** Records for this exercise **
================
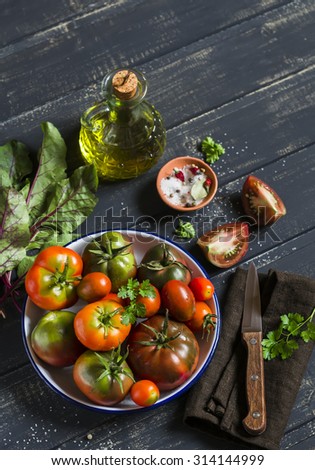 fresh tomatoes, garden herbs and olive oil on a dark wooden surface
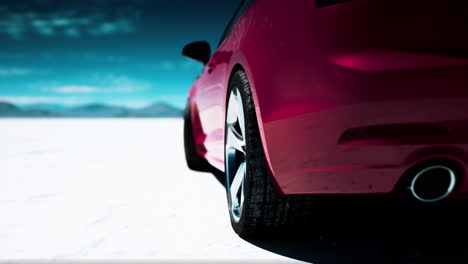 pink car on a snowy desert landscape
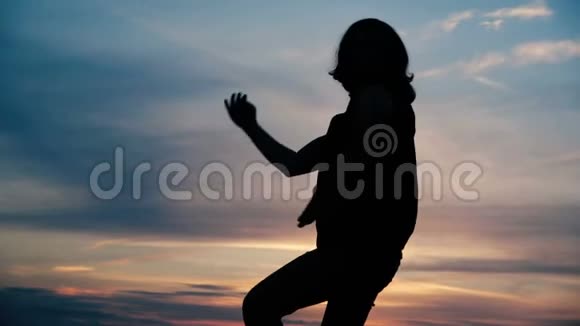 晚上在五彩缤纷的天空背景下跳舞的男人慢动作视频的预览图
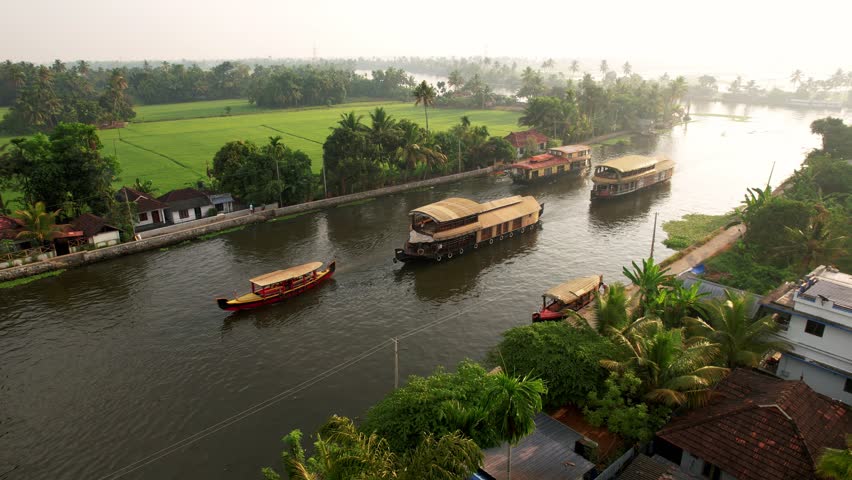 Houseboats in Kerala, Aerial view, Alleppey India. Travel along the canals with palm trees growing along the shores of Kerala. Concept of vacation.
================
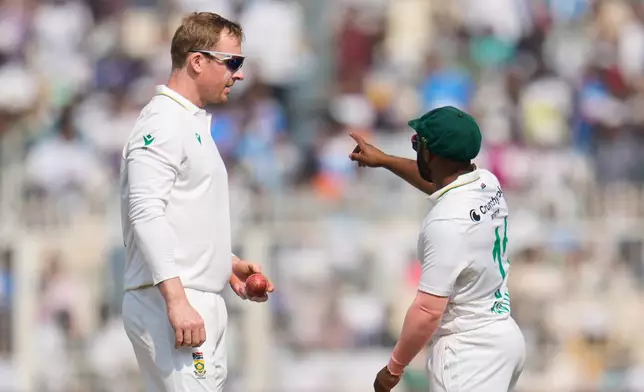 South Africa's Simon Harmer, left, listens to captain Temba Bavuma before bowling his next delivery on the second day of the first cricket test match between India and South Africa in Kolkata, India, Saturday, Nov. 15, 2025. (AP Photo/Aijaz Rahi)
================
** Task to carry out **
Using the entries above, extract exactly the lines from the one that contains "pink car on a snowy desert landscape" through the one that contains "Houseboats in Kerala, Aerial". Do not carry over any pictures.

** Task output **
 pink car on a snowy desert landscape
 晚上在五彩缤纷的天空背景下跳舞的男人慢动作视频的预览图
 Houseboats in Kerala, Aerial view, Alleppey India. Travel along the canals with palm trees growing along the shores of Kerala. Concept of vacation.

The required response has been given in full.